I love Google Cloud Run and highly recommend it as the best option[1]. The Cloud Run GPU, however is not something I can recommend. It is not cost effective (instance based billing is expensive as opposed to request based billing), GPU choices are limited, and the general loading/unloading of model (gigabytes) from GPU memory makes it slow to be used as server less.
Once you compare the numbers it is better to use a VM + GPU if the utilization of your service is even only for 30% of the day.
1 - https://ashishb.net/programming/free-deployment-of-side-proj...
google vp here: we appreciate the feedback! i generally agree that if you have a strong understanding of your static capacity needs, pre-provisioning VMs is likely to be more cost efficient with today's pricing. cloud run GPUs are ideal for more bursty workloads -- maybe a new AI app that doesn't yet have PMF, where you really need that scale-to-zero + fast start for more sparse traffic patterns.
Appreciate the thoughtful response! I’m actually right in the ICP you described — I’ve run my own VMs in the past and recently switched to Cloud Run to simplify ops and take advantage of scale-to-zero. In my case, I was running a few inference jobs and expected a ~$100 bill. But due to the instance-based behavior, it stayed up the whole time, and I ended up with a $1,000 charge for relatively little usage.
I’m fairly experienced with GCP, but even then, the billing model here caught me off guard. When you’re dealing with machines that can run up to $64K/month, small missteps get expensive quickly. Predictability is key, and I’d love to see more safeguards or clearer cost modeling tooling around these types of workloads.
Apologies for the surprise charge there. It sounds like your workload pattern might be sitting in the middle of the VM vs. Serverless spectrum. Feel free to email me at (first)(last)@google.com and I can get you some better answers.

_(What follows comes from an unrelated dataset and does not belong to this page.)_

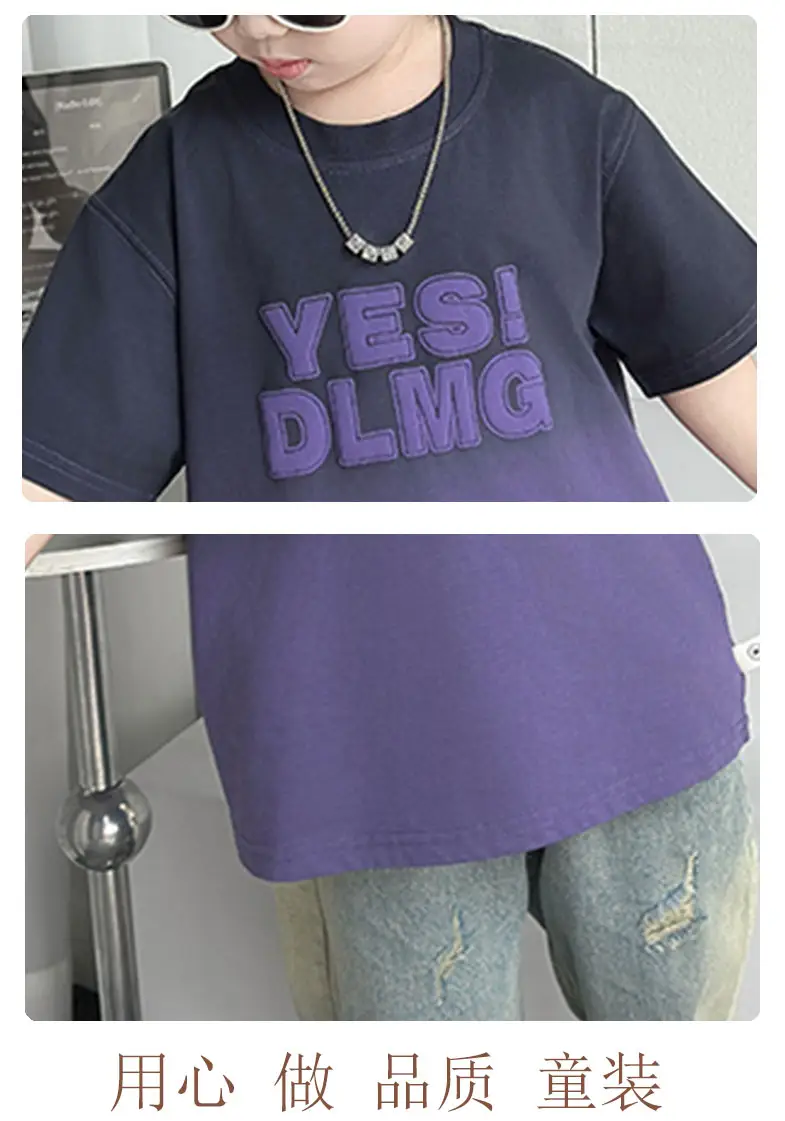 Boys Tie-Dye Gradient Short Sleeve T-Shirt Set — feature 12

> But due to the instance-based behavior, it stayed up the whole time, and I ended up with a $1,000 charge for relatively little usage.
Indeed. IIRC, if you get a single request every 15 mins (~100 requests a day), you will pay for Cloud Run GPU for the full day.
Has this changed? When I looked pre-ga the requirements were you need to pay for the CPU 24x7 to attach a GPU so that is not really scaling to zero unless this requirement has changed...
Speaking from my experience, it does scale to zero except you pay for 15 mins after the last request.
So if you get all your requests in a 2 hours window then that's great. It will scale to zero for rest of the 22 hours.
However, if you get at least one request every 15 mins then you will pay for 24 hours and it is ~3X more expensive then equivalent VM on Google Cloud.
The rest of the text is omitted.